Friday 3 December 2010

BBC Music Showcase

This has been a big week at work, at BBC Audio & Music interactive, where we released to live our first version of the BBC music showcase. I have to say I'm very proud to have been involved in this project for some time, and extremely pleased that it is finally out in the wild. It's been quite a journey, politically, technically and strategically.

Some background. The idea of a pan-BBC aggregation of music content is not a new one. In fact, the roots of this thinking go back the best part of ten years - I remember talking about the concept with Simon Nelson, Simon Hopkins and Dan Hill amongst others back in the early days of the journey to take the BBC's radio and music content online. The idea has developed loads since then, but the influence of Simon Hopkins and later Matthew Shorter and Tom Scott can't be underestimated.
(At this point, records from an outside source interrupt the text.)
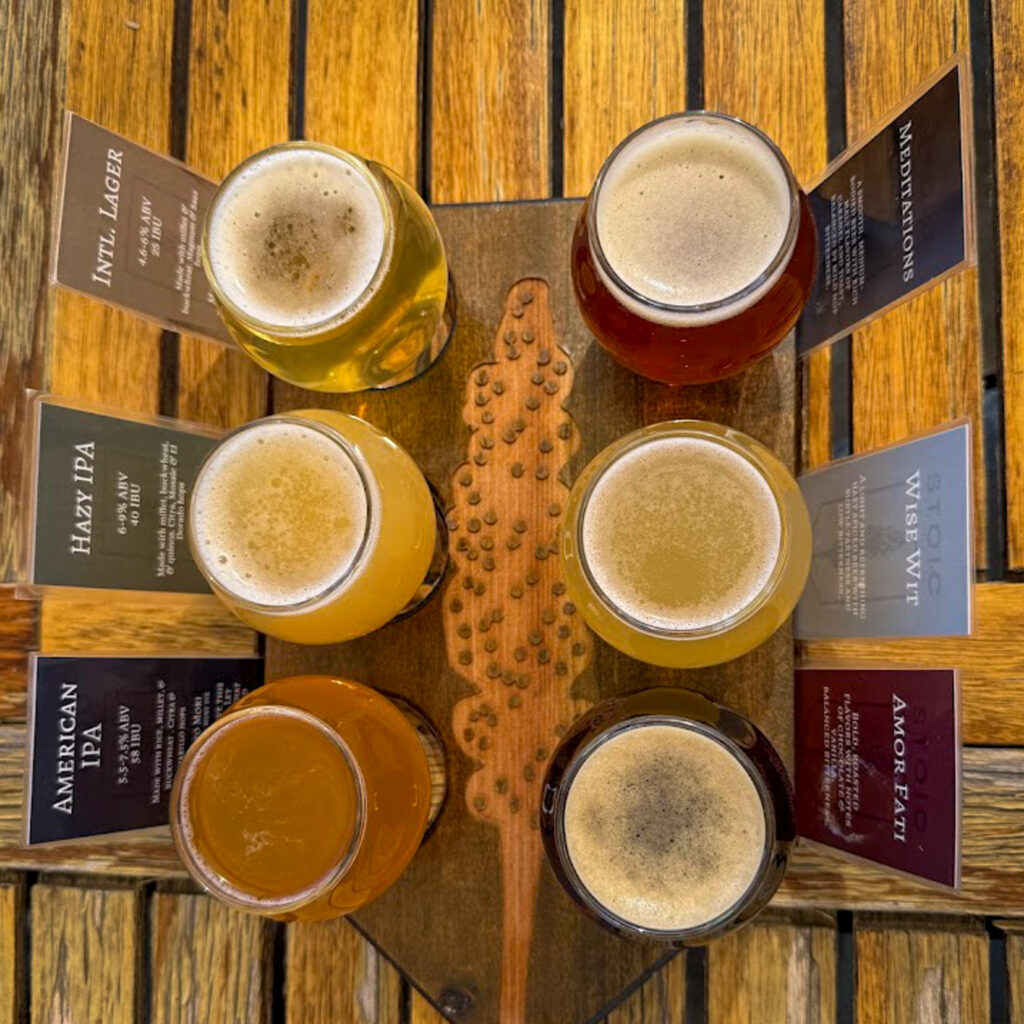 Gluten free friendly beer flight on wooden paddle at Bentonville brewery with labeled craft beers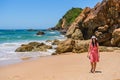 Australian coast, a young woman in a hat and pink dress walks on the sandy beach between large rocks on the coast Royalty Free Stock Photo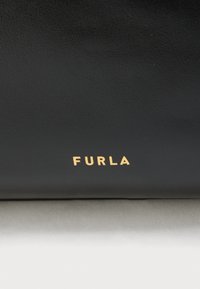 Must tekstureeritud nahkpind kuldse suure algustähega "FURLA" brändinimega, mis asub peaaegu põhjaserva keskel.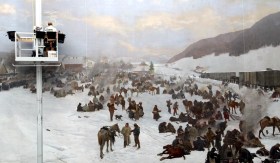 Restauratrice su un elevatore lavora a un grosso dipinto che raffigura uomini e cavalli in paesaggio alpino innevato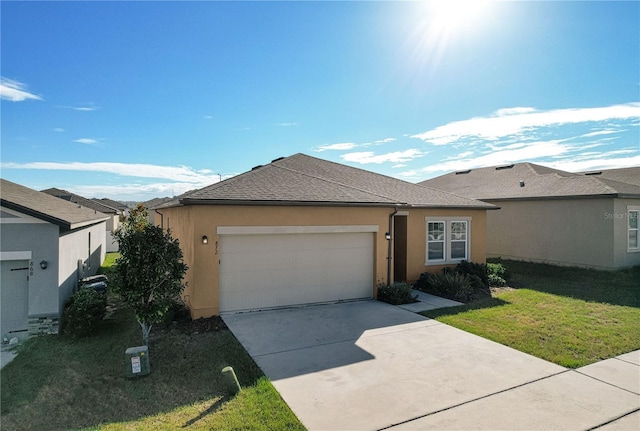 single story home featuring a front yard and a garage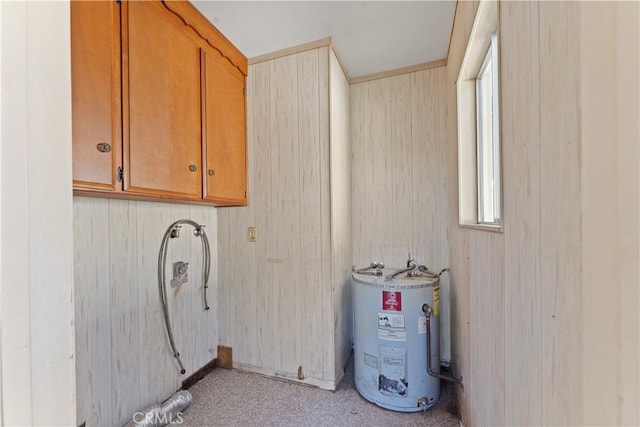 laundry area with cabinets, electric water heater, and wooden walls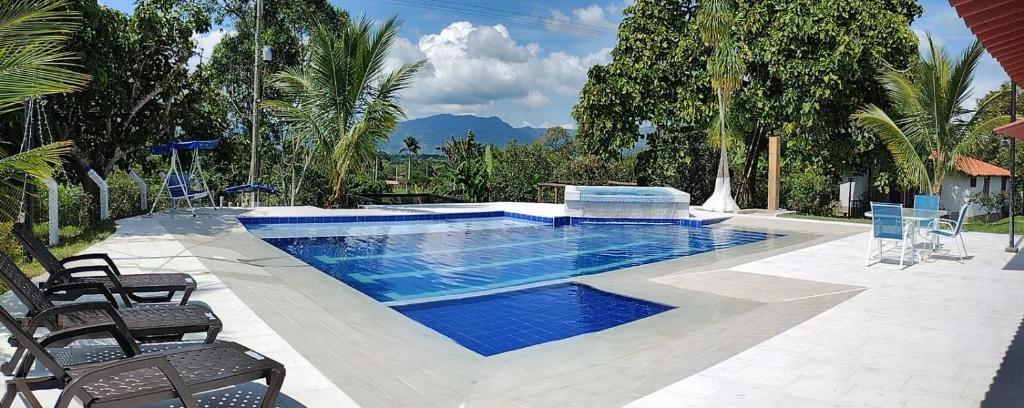 una piscina con 2 sillas y una mesa en FINCA HOTEL LA BONITA BY LA MACORINA, en Quimbaya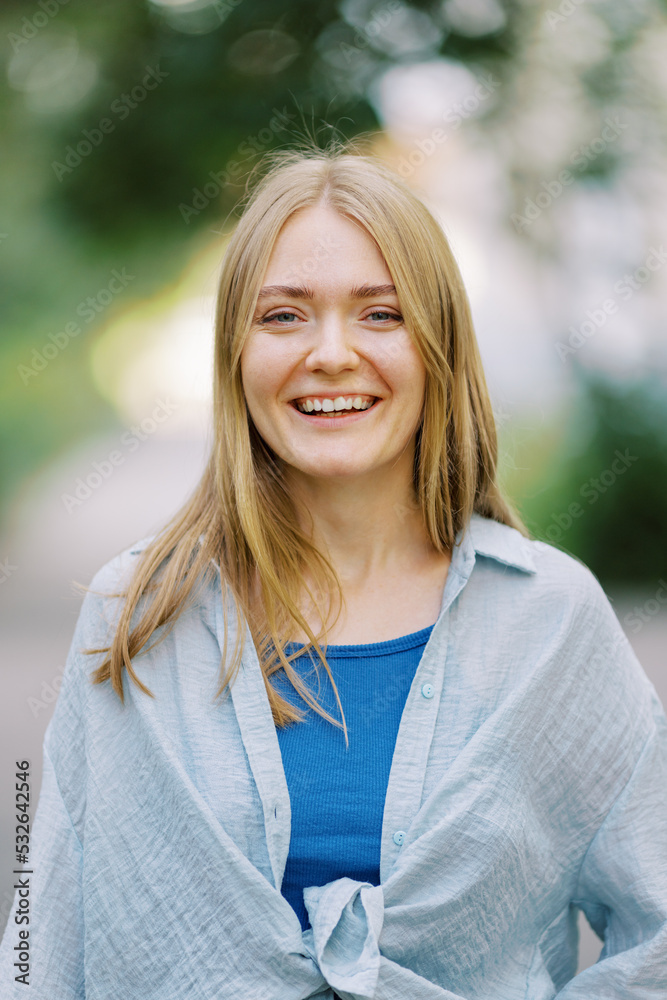 Happy young blond woman in closeup Happy young blond woman in closeup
So what is it and why is it important? What we've released so far, which is just the start, is an aggregation of all BBC music content that is not full length programmes. Our radio station sites and iPlayer cover that angle fairly well, but what we haven't cracked until now is getting those nuggets of great content out of their full length programme home to expose them in new ways. That content could be a live music session, or an artist interview, or a single artist feature, a DJ mix or a live concert. The BBC creates this kind of content in droves, but it's almost impossible to find what you are really interested in unless you know exactly what was broadcast and at what time. Now we can pull all those special moments out of their original context and offer them via genre, via a curated collection, via artist search, via most popular, latest in, and about to expire. In other words, these unique pieces of content are now accessible, findable and aggregatable.

That's just the start. The next stage is a development of the idea of curated collections mentioned above: we want to tap into the world class talent that the BBC employs to generate human powered recommendations, then use a service like Echonest to deliver onward journeys through music both on and off bbc.co.uk. This is where the BBC has a fairly unique place to play in the increasingly busy music discovery space.



This is good news for traditional radio, because at last we are doing something which takes the fantastic content that is generated every single day via linear broadcasts, and offering it in an appropriate manner for the medium. This is truly a mash up of traditional broadcast media with digital media. I believe that it's projects like this that will help traditional media brands move successfully into the fully digital world.

Huge props must go to the technical and editorial teams who conceived and delivered it, especially Matt Coulson, Andy Puleston, Ant Smith, Nick Humphreys, Sacha Sedriks, Richard Berry, Andrew Hilton, Chris Lowis, Nigel Smith, Pete Marsh and Yasser Rashid.

Have a play with the Music Showcase and let me know what you think. Remember it's still in Alpha mode so expect to see lots of small updates over the coming weeks and months.

See more blog posts on this:
Andy Puleston
Matt Coulson

1 comment:

  1. This looks like a really good example of content curation and a great way to make people aware of all that amazing archive music content at the BBC. Unfortunately I'm in Australia so I'll have to wait until Spring 2011 to access a lot of it. Very jealous of UK types at the moment. Good luck with it's continued development!